落子聲清脆悅耳。


    每擱一子,白澤都要摸一摸棋盤上的刀痕。


    空麵露不耐,“大人,空願替阿卿賠您一塊棋盤,隻要您開口,什麽材質空都設法為您弄來,或者折價賠償。”


    “你替他賠?你與他是什麽關係啊用得著你賠?”白澤沒好氣地哼道:“再說了,這棋盤是取天上玉雕刻而成,你賠得起嗎?”


    空聞言低頭:“空妄言,望大人原諒,隻是想補償一二,並無它意。”


    “得了,你不必這樣,說來,你與螣蛇……”白澤上下打量空,“誒呦呦,真了不起。”


    “大人慎言。”空麵帶紅霞,“我去看看阿卿,大人有需要盡管吩咐空。”


    想到九尾還在臥房,白澤嘴邊勾起淺笑,“去吧、去吧!”


    還是凡間好啊,天天都有熱鬧看。


    走到臥房門口,空還未叩門。


    門卻從內打開了。


    又是一位上神,白發藍眸青衣,單看眉眼便知是個慣會招蜂引蝶的,自然風流成性。


    空極力忍住心中冷意,嘴角微笑恭順和善,拱手行禮道:“不知上神名號?在下鶴鳴山鎮山獸空。”


    暮櫨冷哼一聲,根本不想裝樣子,“憑你?也配覬覦螣蛇,少做春秋大夢!”


    怪不得那日他就看這靈獸不順眼,果然是對螣蛇有不軌之心!


    空嘴角笑容凝固,愣了愣抬頭笑道:“空聽不懂上神在說什麽,隻是,阿卿的夫君不過一小小鷹妖,上神這話應該先對鷹妖說,而非空。”


    “你找死?”暮櫨捏緊拳頭。


    臥房榻上雲卿忍無可忍,支起身子喝道:“要吵滾出去吵!都滾咳咳。
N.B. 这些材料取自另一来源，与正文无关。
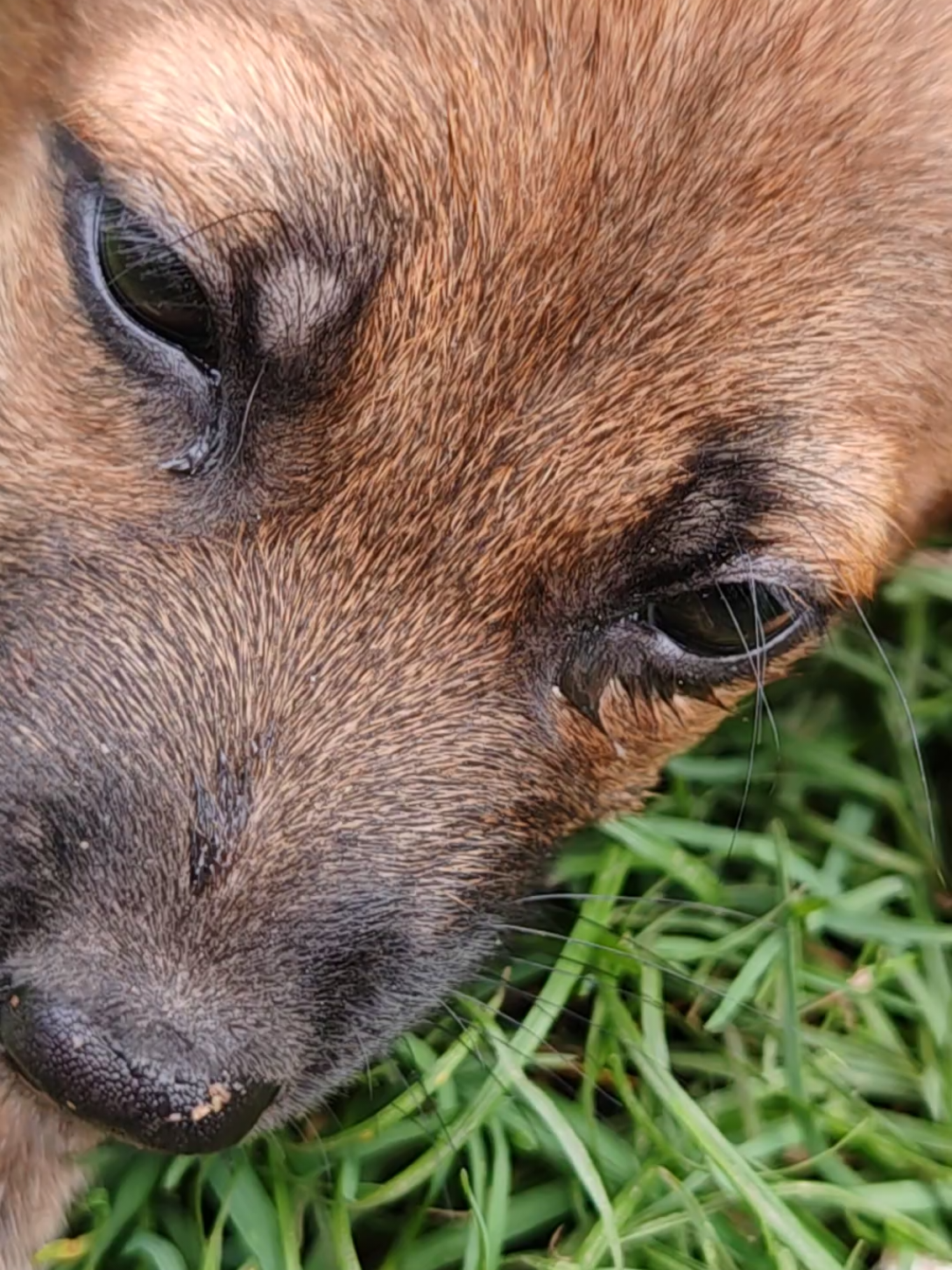 #dog #สุนัข #สุนัขน่ารัก #สัตว์เลี้ยงtiktok #โอเลี้ยง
”掩唇悶咳,過好一陣他才止住咳嗽。


    空想進來幫雲卿拍背止咳,暮櫨伸手攔住,“出去,這裏不需要你。”


    “上神,這裏是空的住所,空不歡迎您。”


    “好啊,白澤,帶上螣蛇我們走。”


    白澤捧著茶盞喝水,不說話美滋滋看熱鬧。


    雲卿下床伸手將暮櫨推出房門外,狠狠將門摔上:“都給我滾!”


    等他痊愈,一定要將白澤扒皮抽筋!


    迴到床上坐下,床頭熏香已經燃盡,連香灰都冷了。


    悠悠轉醒,看見目光含情脈脈的暮櫨坐在床沿眼都不眨地盯著自己,雲卿險些被嚇暈厥過去,努力掐緊手心勉強恢複鎮定。


    若無其事坐起,雲卿微笑定定與暮櫨對視:“九尾狐,許久不見,你這麽快就養好傷了?”真不長記性啊!


    “你在關心我嗎?放心,我無事。”暮櫨拉住雲卿右手,強硬將他拳頭掰開緊緊相握,“別掐疼自己。”


    雲卿急忙甩手連連後撤:“與你無關,離我遠些!”


    暮櫨聞言肩膀聳落,語氣之間隻聞傷心:“你就這樣討厭我嗎?”


    “不然呢?”雲卿不欲多語,隻怕多說兩句就著了道,這可惡狡猾的九尾狐!


    “你放心,你如今身子太弱,我絕不會欺負你。”暮櫨後退兩步,與床榻拉開距離,溫柔笑道:“你好好歇歇吧,我知你身受疼痛,定然不會、為難你。”


    雲卿卻不敢有絲毫放鬆,恨不得立即打來水清洗暮櫨摸過的右手,“真若如此我便謝天謝地謝媧神,不必多說,請出去。”


    “我此番前來除了蠱毒之外,還有一事要同你說明。”


    “我不想聽,出去。”


    暮櫨依言走到門口,手放在門上才不緊不慢笑道:“與魔物有關,不過既然你不想聽,那——”


    “請留步!”雲卿下床倒茶遞到暮櫨麵前,“九尾狐大人,請坐。”


    暮櫨接過茶坐下,下巴微點示意雲卿也坐,“螣蛇護法,您也坐。”


    如此公事公辦的語氣讓雲卿鬆一口氣,壓下心中種種疑慮急忙發問:“請大人詳細告知。”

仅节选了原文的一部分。